Nov 17 2008 -
Last week, our country honored the men and women who have courageously fought for our country, by celebrating Veterans Day. Veterans Day has a long and rich history that dates back to the ending of World War I on November 11, 1918. To commemorate the war’s end, President Woodrow Wilson declared November 11 as Armistice Day – a national holiday to honor the brave sacrifices of our soldiers.
Since that time our soldiers, sailors, airmen and marines have traveled across the globe to defend our freedom. Our military and their families have borne the cost of these wars, and they know most intimately the true cost of our country's freedom.
We have a moral obligation to try to repay these sacrifices. During my 14 years in Congress and as the first Mississippian ever to serve on the Senate Veterans’ Affairs Committee, I am working to strengthen veterans' benefits in gratitude for their sacrifices. While we have made great progress in improving the quality of care for our veterans, I believe there is much left to be done.
STRENGTHEN VETERANS’ HEALTH CARE
Since 2001, Congress has doubled the amount of funding for veterans’ medical care. We authorized more than $6 billion to modernize and expand VA medical facilities and have allocated over $1 billion to support traumatic brain injury and post-traumatic stress disorder treatment.
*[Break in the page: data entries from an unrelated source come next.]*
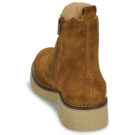 Unisa ETIOPE Braune Damen-Ankle-Boots - Gr&ouml;&szlig;e 5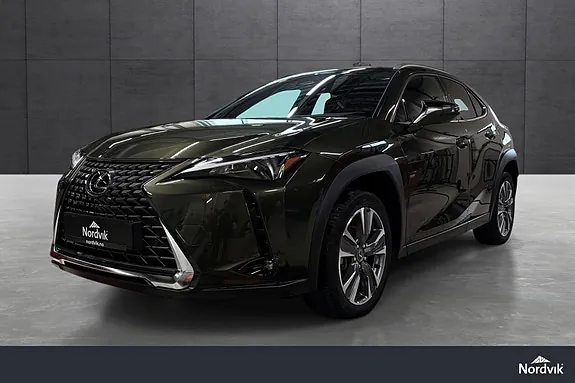 Lexus Ux300E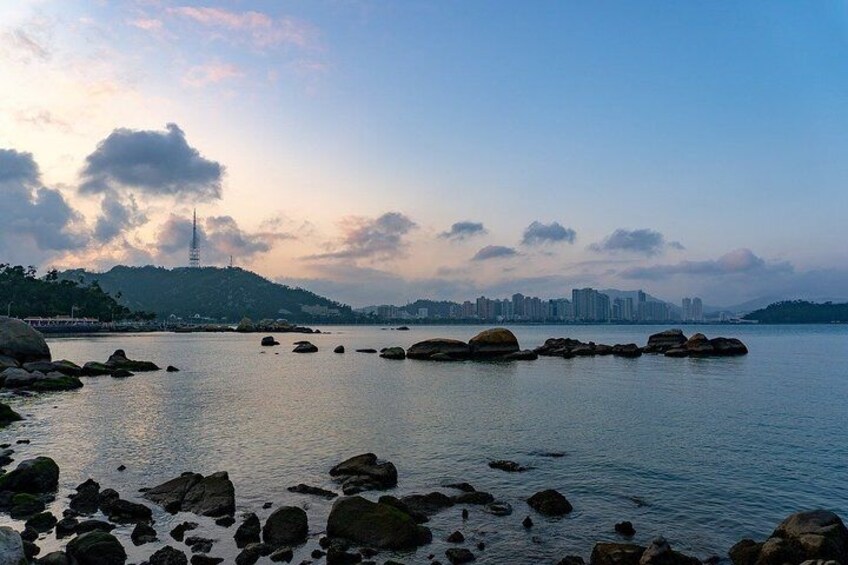 Romantic Tour in Zhuhai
Last year, I served as the ranking Republican on the House subcommittee that funds the VA. In this role, I helped shepherd through the largest increase in VA funding in history. Today, funding for the Department of Veterans Affairs totals more than $97 billion. Our veterans deserve first-class health care, and I will continue to ensure that they receive the best possible care and treatment.
STRONGER GI BENEFITS
In 1944, Congress passed the GI Bill, which provided our veterans with the opportunity to receive higher education, private loans, and unemployment benefits. In 1984, Mississippi Congressman Sonny Montgomery strengthened the GI Bill. Sonny's bill ensured that the VA home loan guaranty and education programs in the GI Bill would remain viable for generations to come. The time has come once again to improve those benefits.
This year, Congress updated the Montgomery GI Bill, particularly the educational benefits. We approved legislation that for the first time, allowed members of the military to transfer their unused educational benefits to their spouse or children. We also increased education payments and career counseling services for returning veterans, especially those who were wounded in combat. These changes have strengthened a historic piece of legislation.
AN APPRECIATIVE COUNTRY
As an officer who served in our US Air Force and as a member of the Senate Veterans’ Affairs and the Armed Services Committees, I am working with my colleagues to build on these achievements and develop a sound policy and a fiscal basis for sustaining comprehensive veterans’ benefits for the brave men and women of our armed services.